→ **Assignment**: Here is the listing. Report each line in it that contains the string "image".

→ **Entries provided**:

◆ ◆ ◆ ◆ ◆

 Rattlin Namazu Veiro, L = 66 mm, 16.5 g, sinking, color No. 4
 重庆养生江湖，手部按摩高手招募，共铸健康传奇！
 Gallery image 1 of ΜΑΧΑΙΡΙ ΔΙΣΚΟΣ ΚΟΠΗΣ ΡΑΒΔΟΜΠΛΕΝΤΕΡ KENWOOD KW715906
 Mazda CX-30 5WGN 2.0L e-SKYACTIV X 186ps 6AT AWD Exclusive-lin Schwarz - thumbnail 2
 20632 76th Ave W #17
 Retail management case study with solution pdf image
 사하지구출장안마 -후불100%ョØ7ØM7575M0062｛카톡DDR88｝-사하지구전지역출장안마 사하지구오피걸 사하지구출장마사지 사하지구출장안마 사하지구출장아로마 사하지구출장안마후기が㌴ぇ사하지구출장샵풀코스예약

◆ ◆ ◆ ◆ ◆

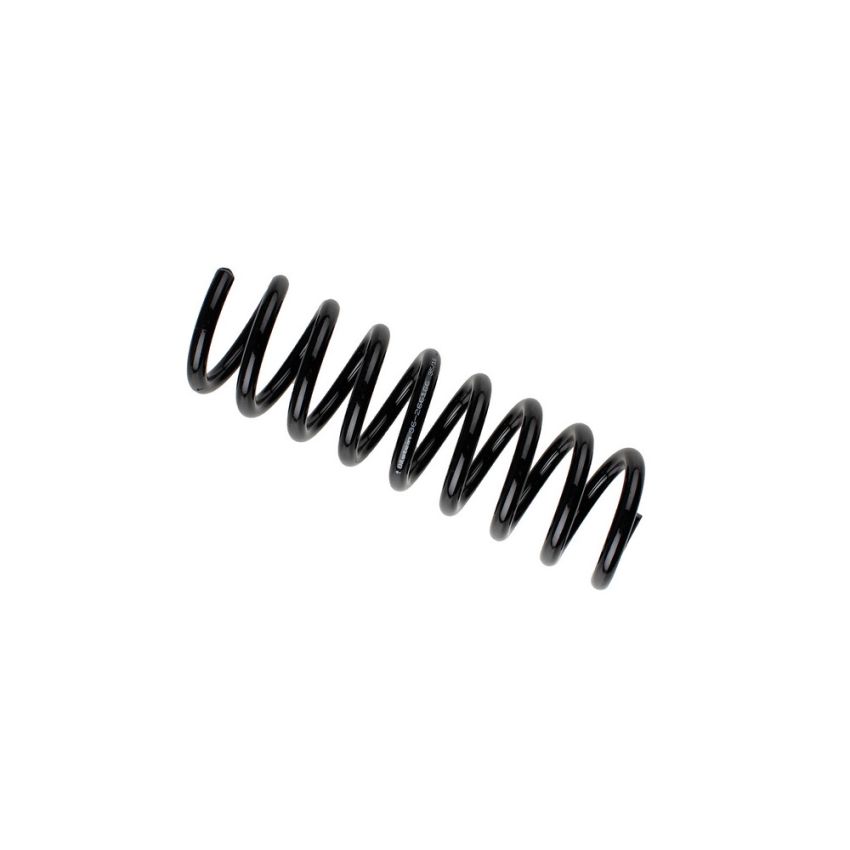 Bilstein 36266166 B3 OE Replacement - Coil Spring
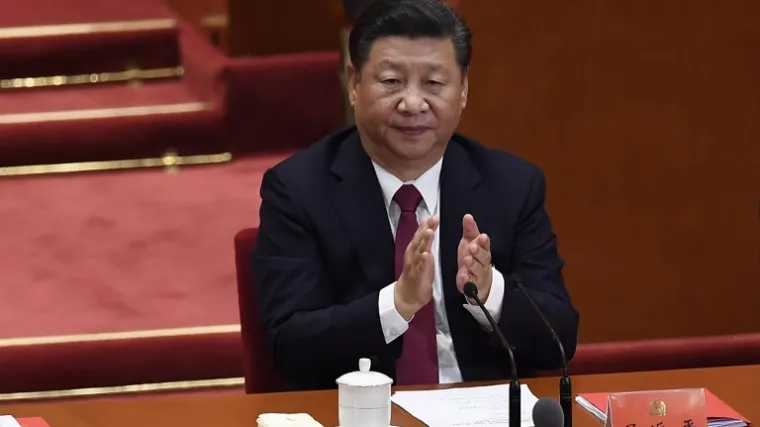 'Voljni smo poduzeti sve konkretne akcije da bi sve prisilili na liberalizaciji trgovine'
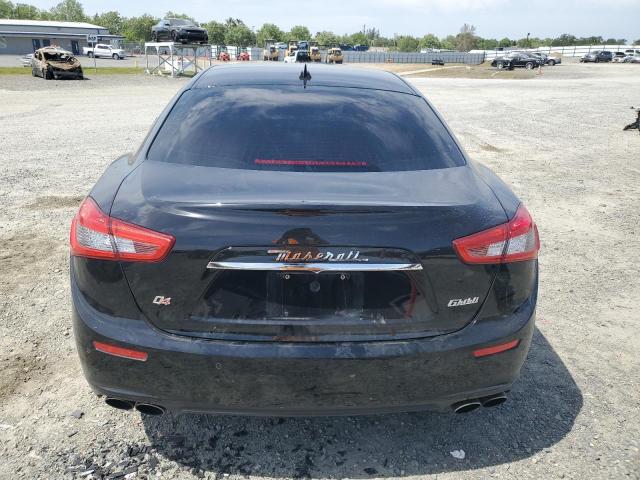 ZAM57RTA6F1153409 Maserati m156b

◆ ◆ ◆ ◆ ◆

→ **Exercise response**:
 Gallery image 1 of ΜΑΧΑΙΡΙ ΔΙΣΚΟΣ ΚΟΠΗΣ ΡΑΒΔΟΜΠΛΕΝΤΕΡ KENWOOD KW715906
 Retail management case study with solution pdf image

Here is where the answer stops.